WORK REQUIRED>
Type out the data exactly as given. Skip any image.

RECORDS>
=== Begin Enclosure ===
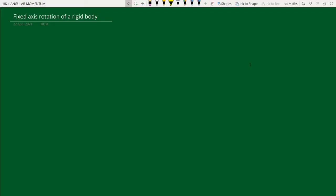In today's class we will discuss fixed axis rotation of a rigid body. First of all, let us understand these terms — what is meant by a rigid body.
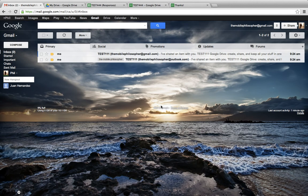This is The Mobile Philosopher, and in this video we're going to see very quickly the new Hangout options in Gmail.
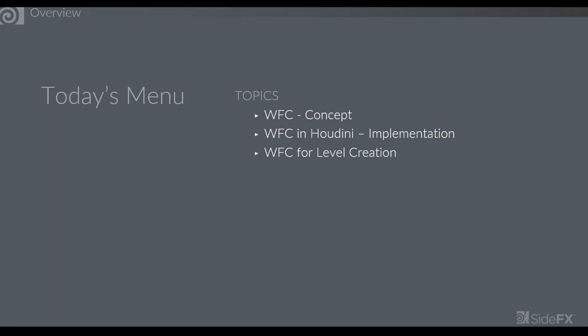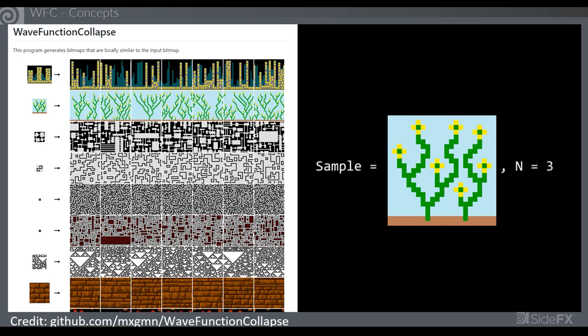On today's menu, things are broken into three segments: the algorithm itself in a conceptual manner, the actual algorithm implementation in Houdini and what you can do with it, and actual use cases for level creation. The presentation assumes you have some basic knowledge of PDG and some VEX. It is not a technical walkthrough, so if you don't have experience with those, you might hear some words that don't make a whole lot of sense.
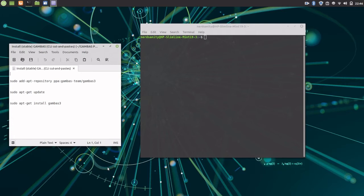The first command adds the Gambas repository to the Software Manager, called apt. You'll notice that I am prefacing the command with the sudo command. This is because, for security, installing software in Linux requires administration authority. The sudo command will ask for the administrator account's password. You only have to enter the password once during a single terminal session.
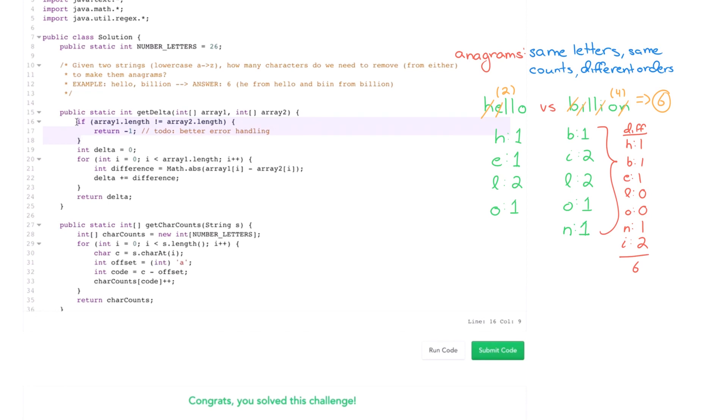One tip that's useful in a lot of problems, and it was useful here, is to really define and think about what exactly does it take to make two things anagrams. And the algorithm sort of follows from that explanation. So keep that in mind for your future problems. Good luck!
=== End Enclosure ===
SOLUTION>
In today's class we will discuss fixed axis rotation of a rigid body. First of all, let us understand these terms — what is meant by a rigid body.
This is The Mobile Philosopher, and in this video we're going to see very quickly the new Hangout options in Gmail.
On today's menu, things are broken into three segments: the algorithm itself in a conceptual manner, the actual algorithm implementation in Houdini and what you can do with it, and actual use cases for level creation. The presentation assumes you have some basic knowledge of PDG and some VEX. It is not a technical walkthrough, so if you don't have experience with those, you might hear some words that don't make a whole lot of sense.
The first command adds the Gambas repository to the Software Manager, called apt. You'll notice that I am prefacing the command with the sudo command. This is because, for security, installing software in Linux requires administration authority. The sudo command will ask for the administrator account's password. You only have to enter the password once during a single terminal session.
One tip that's useful in a lot of problems, and it was useful here, is to really define and think about what exactly does it take to make two things anagrams. And the algorithm sort of follows from that explanation. So keep that in mind for your future problems. Good luck!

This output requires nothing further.